Cuando David adquirió prominencia y el pueblo percibió su grandeza, Saúl se
puso celoso. Él veía a David simplemente como un aspirante al trono (1 S
18.5-8), en lugar de verlo como un hombre a quien Dios había levantado para el
futuro del reino. Años más tarde otro hombre fue levantado por Dios en una
época de liderazgo poco espiritual. El Señor Jesús fue rechazado por los
principales sacerdotes que deseaban mantener su posición. “Porque sabía que por
envidia le habían entregado”, Mateo 27.18. De verdad, los celos son “duros como
el Seol” (Cnt 8.6).
“¿Por qué esas personas fueron salvas en sus
predicaciones y no en las nuestras?” “No puedo creer que quiera salir con ella
y no conmigo”. “¡Nosotros llevamos a nuestros hijos siempre a las reuniones de
predicación y no pasa nada, en cambio ellos apenas van a una reunión y sus
hijos ya son salvos!” “Ella habla tan normal de las cosas del Señor, ¿por qué
tiene que actuar como si fuera súper espiritual?” “Todas las cosas le están
saliendo bien porque sus padres tienen mucho dinero”. Puede que estos casos
específicos no tengan nada que ver contigo, pero si eres honesto contigo mismo,
tú también puedes pensar en lo que te incita a sentir envidia. ¿Has considerado
lo destructivo que es para tu alma?
“La envidia corroe los huesos”, Proverbios 14.30. Echa
raíces adentro, crece incesablemente, ocupa más y más de tu corazón y nunca se
satisface. “Como la polilla que roe un vestido, así la envidia consume al
hombre” (John Chrysostom). Saúl es un ejemplo clásico de cómo la envidia puede
torcer tu perspectiva y distraerte de tus propósitos. A menudo le siguen la
amargura y la autocompasión. “Porque donde hay celos y contención, allí hay
perturbación y toda obra perversa”, Santiago 3.16. Cuando se ansia el servicio
que tiene otro, el creyente puede sentir que sus “talentos subestimados” serán
mejor apreciados en otro lugar. Como en Corinto, las contiendas se extienden
cuando las personas muestran envidia en lugar de humildad y sumisión mutua.
El
remedio
Comienza con una autoevaluación
sincera. La envidia y los celos contristan al Espíritu
de Dios y deben ser confesados. Considera las circunstancias en las cuales
estos pecados se levantan en tu corazón y cómo revelan los deseos egoístas que
te tientan. Trata de ser expresamente agradecido por la bondad de Dios hacia
otros. Su trabajo en ellos y a través de ellos contribuye al crecimiento del
Cuerpo de Cristo, del cual tú también eres parte. Servir al Señor no es una
competencia, así que recuerda que todos los creyentes son de gran valor para
Dios, independientemente de sus habilidades o logros, y eso te incluye a ti.

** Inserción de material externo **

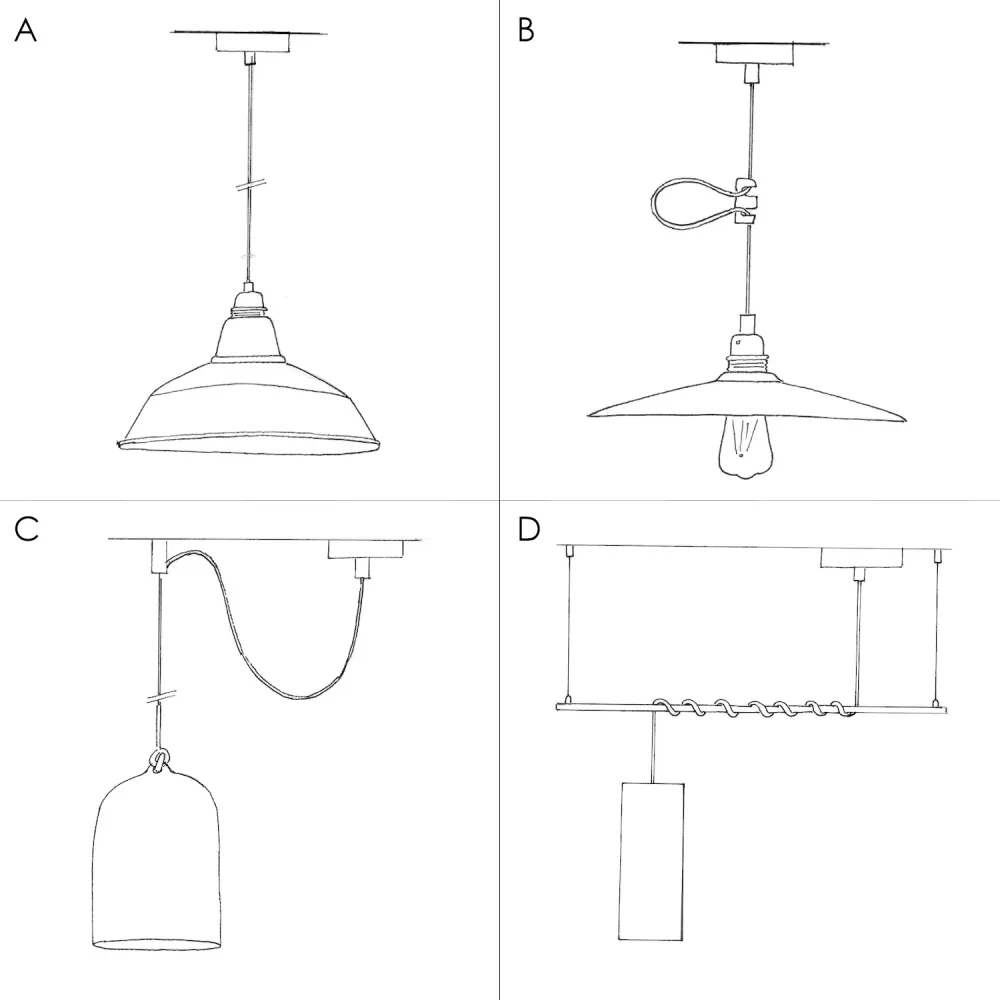 Candeeiro suspenso com cabo têxtil, abat-jour em gaiola Ghostbell XL e detalhes em metal - Preto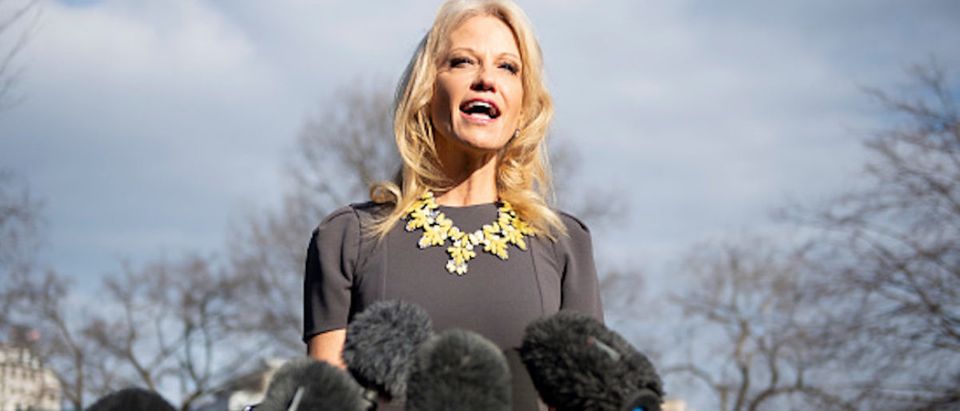 Counselor to US President Donald Trump, Kellyanne Conway speaks to the press outside the West Wing of the White House in Washington, DC, on January 9, 2018. (Photo by Jim WATSON / AFP) (Photo credit should read JIM WATSON/AFP/Getty Images)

Mantente “contento con lo que tenéis ahora”, Hebreos 13.5, incluyendo tus
bienes, relaciones o habilidades.
Todo esto requiere que nos
enfoquemos en Cristo. Esta es la manera como el Espíritu producirá en ti sus
frutos de amor, gozo y paz. El Señor Jesús estaba consciente de la gran
responsabilidad que tenía de estaba contento con esto. Él no guardaba
celosamente sus bendiciones, sino que las compartió con nosotros (Ro 8.17).
“Andemos como de día... no en contiendas y envidia, sino vestíos del Señor
Jesucristo, y no proveáis para los deseos de la carne”, Romanos 13.13-14.
[1]
Generalmente, los celos describen la
preocupación de que alguien te quite lo tuyo, mientras que la envidia es el
sentimiento que experimentas cuando quieres algo que es de otro.
[2] Los celos a veces son mencionados en
las Escrituras como algo bueno. Por ejemplo, “Dios es celoso” de los corazones
de su pueblo (Nah 1.2), porque son legítimamente suyos. Pablo le dice a la
iglesia en Corinto que él los cela con “celo de Dios” (2 Co 11.2).